Introduction

Various combinations of limb anomalies, ectodermal dysplasias and orofacial clefts characterize heterozygous mutations in the transcription factor gene p63. The prototype p63 mutation syndrome is EEC syndrome, which is characterized by ectrodactyly, ectodermal dysplasia and cleft lip/palate (OMIM 604292). Ectrodactyly, a severe median cleft in hands and feet is often associated with syndactyly in these patients, but syndactyly can also be the sole limb defect. Ectodermal dysplasia can be found in various combinations of sparse hair, dry skin, hypodontia, dysplastic nails and alterations in sebaceous glands, mammary glands and nipples. Orofacial clefting is the third hallmark of the EEC syndrome and usually manifests as cleft lip with cleft palate. Symptoms in the other five inherited syndromes with p63 mutations are overlapping, but each of these syndromes has its own characteristic combination of phenotypic features. For instance, ankyloblepharon is almost limited to the Hay–Wells syndrome (ankyloblepharon–ectodermal defects-cleft lip/palate, AEC, OMIM 106260). Mammary gland hypoplasia and nipple hypoplasia are frequent findings in limb mammary syndrome (LMS, OMIM 603543) and in acro-dermato-ungual-lacrimal-tooth syndrome (ADULT, OMIM 103285) but are rare in other p63-related conditions.1 ADULT syndrome is further distinguished from other p63 syndromes by absence of orofacial clefting and by prominent ectodermal signs. Abnormal hair or skin abnormalities have not been reported among LMS patients. Facial clefting in LMS is of another type than that in EEC syndrome: cleft palate only, whereas no facial clefts have been found among reported ADULT families.2, 3, 4, 5, 6 In one family, extensive freckling has been reported to be a typical characteristic of ADULT syndrome, and this was also mildly present in two further ADULT syndrome patients.2, 4, 7

The causative gene in all these disorders, p63, is crucial during embryonic development, mostly in the development of limbs and other ectodermal derived tissues. The pattern of mutations in six different p63-related syndromes shows genotype–phenotype correlations. The most pronounced genotype–phenotype correlation is in the EEC and Hay–Wells syndromes. All EEC missense mutations are clustered in the DNA binding domain and disrupt binding to DNA.8 In contrast, all missense mutations reported for Hay–Wells patients are in the Sterile-Alpha-Motif domain, and have been shown to disrupt interaction with other proteins.9 LMS and ADULT syndrome have their own unique mutated amino-acid residues.

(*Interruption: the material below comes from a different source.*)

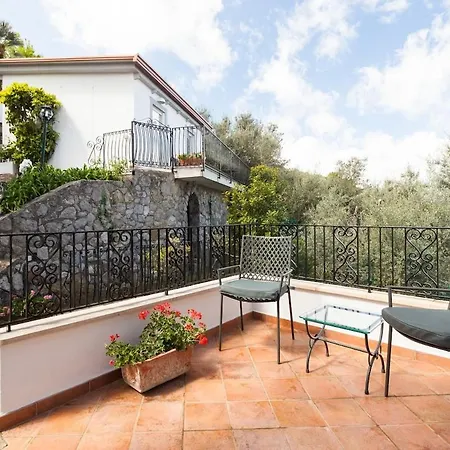Angela With Private Pool And Sea View וילה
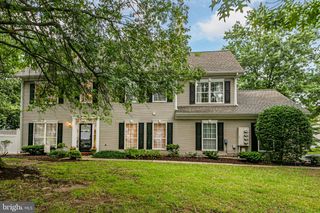 1 HOWE CT, Pennington, NJ 08534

In the original LMS family a point mutation was found in the coding region of the second transactivation domain (G76W).3 Only two amino-acid residues are known to be mutated among ADULT syndrome patients: asparagine 6, which is in the putative second transactivation domain and arginine 298, which locates in the DNA binding domain.4, 5, 7 Although R298 is in the DNA binding domain, it is functionally different from the EEC mutations, because its substitution by glutamine does not lead to a loss of DNA binding, but instead to a gain of transactivation activity of the deltaNp63gamma isoform.6 Here, we report three further ADULT syndrome families with R298 mutations, either a R298Q or R298G. We discuss the consistent phenotypic features associated with these gain-of-function mutations.

Materials and methods

Patients and families

In a small Finnish family three family members, one in each generation, present with an EEC-like disorder. Their limb malformations vary from severe four-limb ectrodactyly and syndactyly in the oldest person (Figure 1a–b) to unilateral syndactyly in the child of the third generation. All patients have a similar pattern of malformations in ectodermal derived tissues as described in the original German ADULT syndrome family.2, 4 Atrophic, dry skin is present, but freckling was not seen. Breast hypoplasia is found in adult female patients. The 9-year-old patient has widely spaced nipples and congenital lacrimal duct obstruction. All affected individuals have very blond, thin and sparse hair. Nails are reported to be dysplastic, and one or several teeth were lacking. A malignant tumour in the mouth of one of the patients was diagnosed at age 60 years. Histological examination confirmed a squamous cell carcinoma (SCC). Otherwise the medical history is unremarkable for all patients.

Figure 1
figure 1

Limb and ectodermal phenotype in ADULT syndrome patients with a R298 mutation. Limb malformations in R298 patients can vary much. (a, b) Deep median cleft and syndactyly in the limbs of the Finnish ADULT syndrome patient (I/1) with R298G mutation. (c, d) Mildly affected limbs in the Italian patient (II/1) with R298Q mutation. (e, f). Severely affected hands and nonaffected feet of Danish ADULT patient (II/1) with R298Q mutation. (g) Excessive freckling in Danish patient (I/1). (h) Hypodontia and loss of permanent teeth in Danish patient (I/1). (i) Hypoplastic nipples in Danish patient (II/1).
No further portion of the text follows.